Graciliano Ramos. Infância. Rio de Janeiro: Record, 2006.

Fonte: Livro – Tecendo Linguagens – Língua Portuguesa – 7º ano – Ensino Fundamental – IBEP 5ª edição – São Paulo, 2018, p. 163-6.

Entendendo o romance:

01 – Quais atitudes o pai toma ao tentar ensinar o menino a ler?

      No início, o pai é dedicado, e o menino fica encantado com a leitura; depois, porém, o pai age de maneira rude, o que afasta e desencanta o garoto, impedindo-o de continuar aprendendo.

02 – De que maneiro o menino busca uma solução para o problema?

      Ele procura a ajuda da prima, Emília, e pede a ela que continue ensinando a ele.

03 – Releia este trecho do fragmento II:

        “Recolhi-me preocupado: os fugitivos, os lobos e o lenhador agitaram-me o sono. Dormi com eles, acordei com eles. As horas voaram. Alheio à escola, aos brinquedos de minhas irmãs, à tagarelice dos moleques, vivi com essas criaturas de sonho, incompletas e misteriosas.”

a)   Quem são os “fugitivos, os lobos e o lenhador? Explique.

Não são personagens reais. Os fugitivos, os lobos e o lenhador são personagens d história que o menino está começando a ler.

b)   Por que o menino diz que dormia e acordava com “os fugitivos, os lobos e o lenhador”?

Porque não conseguia se desligar da história, estava encantado com a nova experiência, então continuava a pensar sobre os personagens até mesmo na hora de dormir.

c)   O que faz com que o menino deixe de lado os brinquedos de suas irmãs e a tagarelice dos moleques?

Seu interesse pela descoberta da leitura.

04 – O menino desabafa com a prima sobre sua dificuldade para ler, mas ela conta a ele sobre os astrônomos. Veja a maneira pela qual o menino reflete sobre eles:

        “[...] Ora, se eles enxergavam coisas tão distantes, porque não conseguiria eu adivinhar a página aberta diante dos meus olhos? Não distinguia as letras? Não sabia reuni-las e formar palavras?

        Matutei na lembrança de Emília. Eu, os astrônomos, que doidice! Ler as coisas do céu, quem havia de supor?

        E tomei coragem, fui esconder-me no quintal, com os lobos, o homem, a mulher, os pequenos, a tempestade na floresta, a cabana do lenhador. [...]”.

a)   O que você acha da ideia de os astrônomos lerem o céu?
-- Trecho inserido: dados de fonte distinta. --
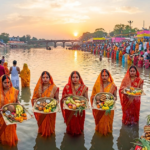 Chaiti Chhath 2026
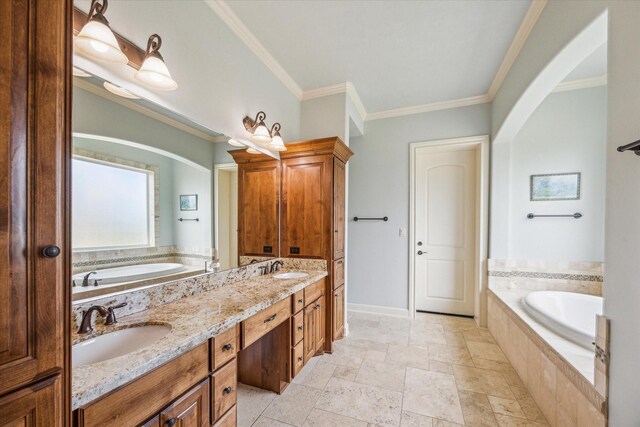 3060 Rolling Valley Ln, Brenham, TX 77833 - photo 16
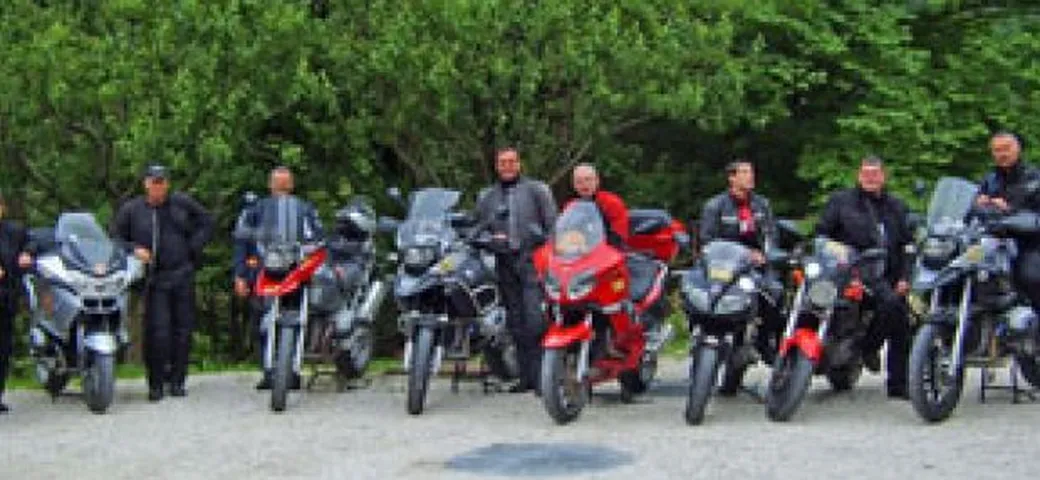 Itinerari: 30 passi in 24 ore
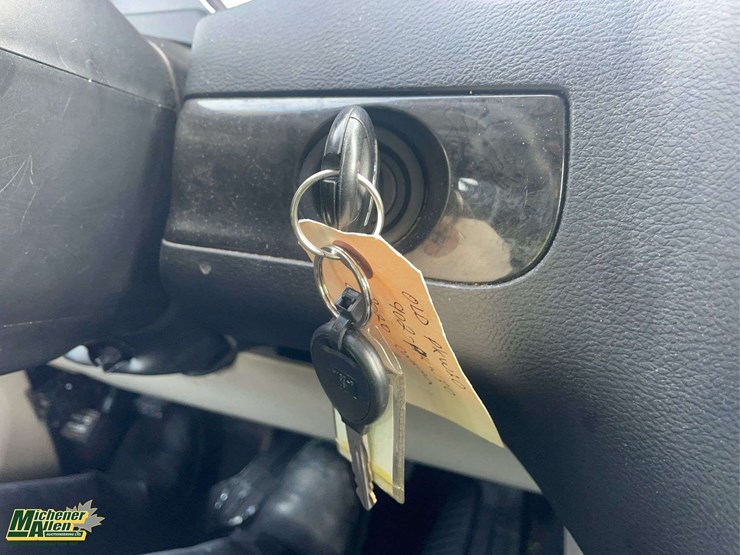 2020-dodge-grand-caravan-se-image-16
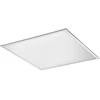 31W LED panelė LED PANEL, balta, 3000K, 595x595mm, 363981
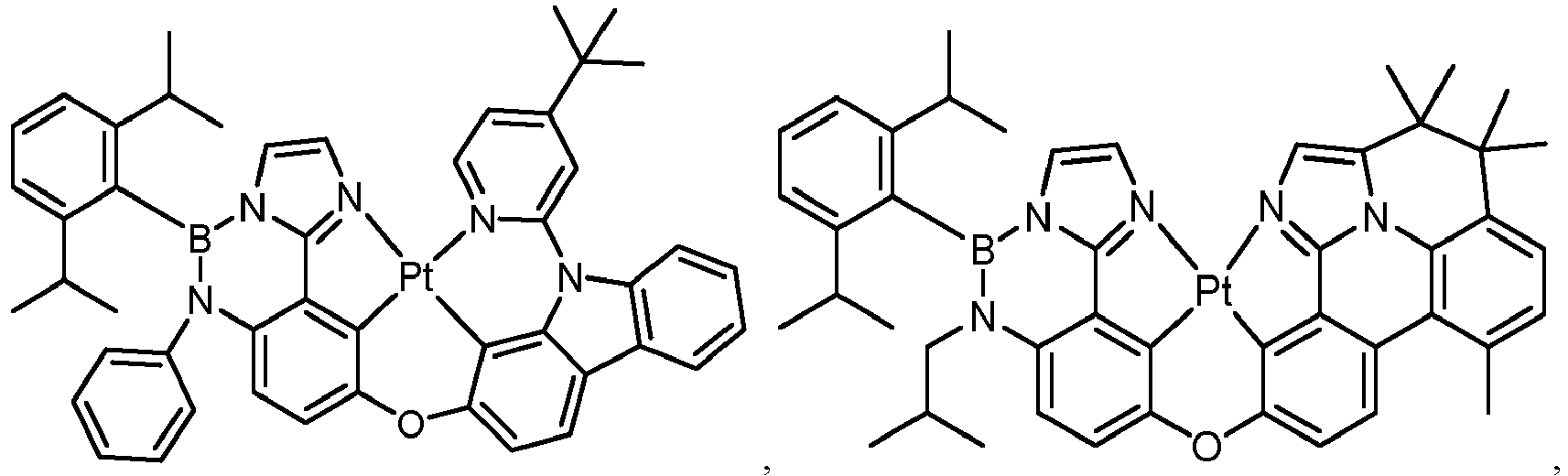 Figure imgb0556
Por quê?

Resposta pessoal do aluno.

b)   O que estimulou o menino a enfrentar sua dificuldade de ler?

A prima lhe mostra que, se os astrônomos leem o céu, que está tão distante e nunca foi visto por ninguém, ele poderia ler o que está bem próximo a ele.
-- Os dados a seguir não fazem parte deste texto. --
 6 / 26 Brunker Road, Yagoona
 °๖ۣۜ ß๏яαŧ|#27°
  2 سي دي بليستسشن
c)   O que o narrador revela com a frase: “E tomei coragem, fui esconder-me no quintal, com os lobos, o homem, a mulher, os pequenos, a tempestade na floresta, a cabana do lenhador”?

O narrador revela que se retirou, se isolou, para tentar ler sozinho, para mergulhar na história que desejava compreender.

05 – Leia as informações do quadro e responda às questões com base no fragmento.

        Narrar é contar uma história. Há diferentes gêneros textuais que se organizam em narrativas, como romance, contos, crônicas, lendas, fábulas, mitos, entre outros.

        Nas narrativas ficcionais há:

·        Narrador – relator dos fatos, dos quais pode ser participante como narrador-personagem (primeira pessoa), observador (somente observa) e onisciente (terceira pessoa), quando observa e tem acesso até aos pensamentos dos personagens.

·        Personagens – protagonista (personagem principal) e antagonista/forças antagônicas (vilão ou situação que atrapalha os desejos do protagonista) e secundários (participam de forma secundária nas ações).

·        Espaço – ambiente em que os fatos acontecem.

·        Tempo – quando ocorrem as ações ou quanto duram. O tempo pode ser cronológico (medido elo relógio ou calendário) ou psicológico (como o personagem o percebe no pensamento).

·        Enredo – conjunto de episódios que compõem a narrativa, dividido em: apresentação dos fatos e personagens, situação-problema ou conflito (o que gera os fatos), clímax (momento de maior tensão da história) e desfecho (conclusão/resolução do conflito).

a)   Quem é o personagem protagonista desse romance? Explique.

O menino é o protagonista do romance. Ele narra a história e todas as ações ocorrem em torno da situação-problema na qual está envolvido.

b)   Qual é a situação-problema na qual o menino está envolvido?

Ele não sabe ler, o que o faz se sentir inferiorizado em relação a outras pessoas.

c)   Há um vilão ou uma força antagônica que atrapalha o desejo do protagonista? O que ou quem seria? Explique.

Não há um vilão, mas força antagônica, que seria a falta de acesso às escolas de qualidade.

d)   Quem são os personagens secundários?

Os colegas, o pai e a prima.

e)   Quando ocorre essa passagem da história?

Quando o personagem tinha 9 anos, ou seja, no início do século XX (1900).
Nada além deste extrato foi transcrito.